BGP AS Path Prepend

ddskier · ‎10-12-2012

Guys, I am running the fortinet 4.3.9 firmware and I am trying to have my AS-Path be prepended so that I can encourage most of the internet to us my primary internet line for communication. I followed this Fortinat KB Article: http://kb.fortinet.com/kb/microsites/search.do?cmd=displayKC&docType=kc&externalId=FD31868&sliceId=1&docTypeID=DT_KCARTICLE_1_1&dialogID=38608497&stateId=0 0 38610093 Unforunately, even after following these steps the ASP Path isn' t being prepended. I can tell this by the output of the " get router info bgp network" command. Here is my config: (ASN Number has be replaced with XXX) config router route-map edit " xxx-routemap" config rule edit 1 set set-aspath " xxx xxx xxx xxx xxx" next end next end config router bgp set as xxxx config neighbor edit " yyy:yyyy:::1" set remote-as DDD set weight 200 next edit " zzzz:zzzzz::1" set remote-as DDDD set route-map-out " xxx-routemap" set weight 100 next end Any ideas on this one?

-DDSkier FCNSA, FCNSP FortiGate 400D, (2) 200D, (12) 100D, (2) 60D

emnoc · ‎10-12-2012

" get router info bgp network"

I don' t think that would should you if pre-path pending is taking place.The route would look local to you. What you need todo is to have the peer validate show ip bgp x.x.x.x/x where x.x.x.x/x is your prefix or validate by using a public facing route-sever ( route-server.he.net route-server.host.net route-server.ip.att.net or any of the other route-servers or any other BGP router out in the wild )

PCNSE

NSE

StrongSwan

ddskier · ‎10-12-2012

Unfortunately, my ISP has confirmed that they are not seeing the prepend either. I have actually openned a ticket with Fortinet to see what the issue is.

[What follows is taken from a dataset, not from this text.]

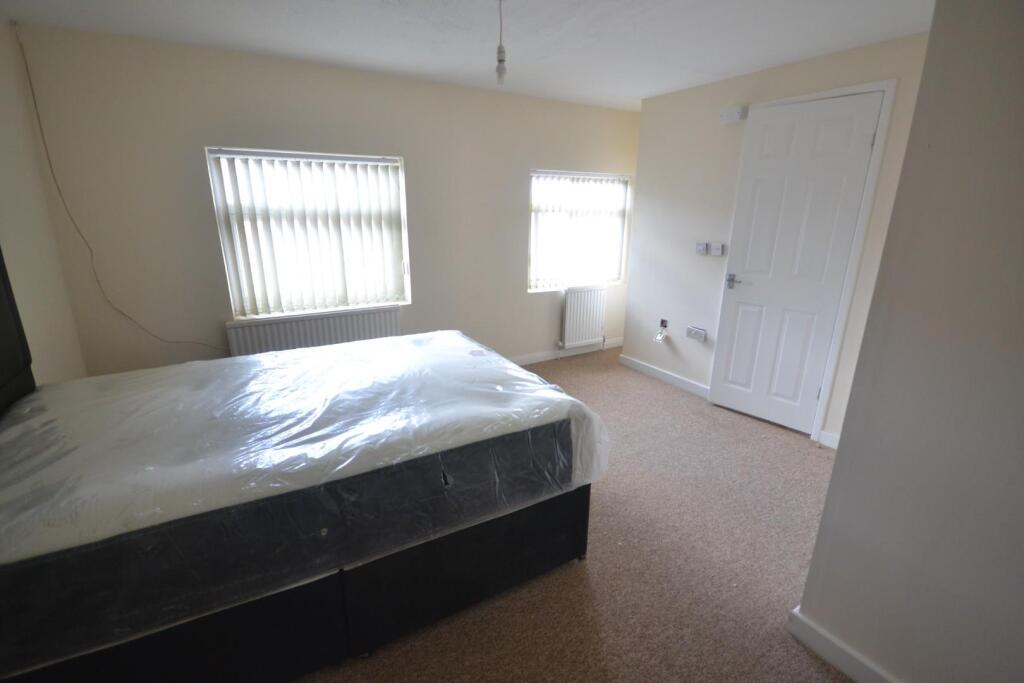 Main image of property: Zinzan Street, Reading, Berkshire, RG1 7UQ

-DDSkier FCNSA, FCNSP FortiGate 400D, (2) 200D, (12) 100D, (2) 60D

emnoc · ‎10-13-2012

One other thing, when you applied the route-map did you reset the BGP peering? Some times updates like path prepend or sending metrics must be soft-reset for those changes to apply.

PCNSE

NSE

StrongSwan

ddskier · ‎10-15-2012

Yeah. I did reset the peer, but there was no difference. Fortinet is still researching the issue.

-DDSkier FCNSA, FCNSP FortiGate 400D, (2) 200D, (12) 100D, (2) 60D

ddskier · ‎10-15-2012

Figured out the issue: For IPv6 the following line: set route-map-out " xxx-routemap" should be changed to: set route-map-out6 " xxx-routemap"

-DDSkier FCNSA, FCNSP FortiGate 400D, (2) 200D, (12) 100D, (2) 60D

emnoc · ‎10-16-2012

cool I didn' t recognize those address as ipv6

PCNSE

NSE

StrongSwan

ddskier · ‎10-16-2012

Yeah I felt stupid was I saw it.

-DDSkier FCNSA, FCNSP FortiGate 400D, (2) 200D, (12) 100D, (2) 60D

emnoc · ‎10-16-2012

Don' t feel bad, fortigate TAC didn' t know that diag debug flow cmd required the filtter6 option for ipv6 diagnostic

I spent 3 days awaiting for them once, and found out the delay was they had no ideal on how I diagnostic my ipv6 flow issue.

PCNSE

NSE

StrongSwan

ddskier · ‎10-16-2012

Yep. I' m finding that a lot of my vendors are still struggling with the IPv6 concept. More often than not I end up getting to Level 4 support within the various ISPs to do anything with IPv6. It is going to take a few years for everyone to catch up.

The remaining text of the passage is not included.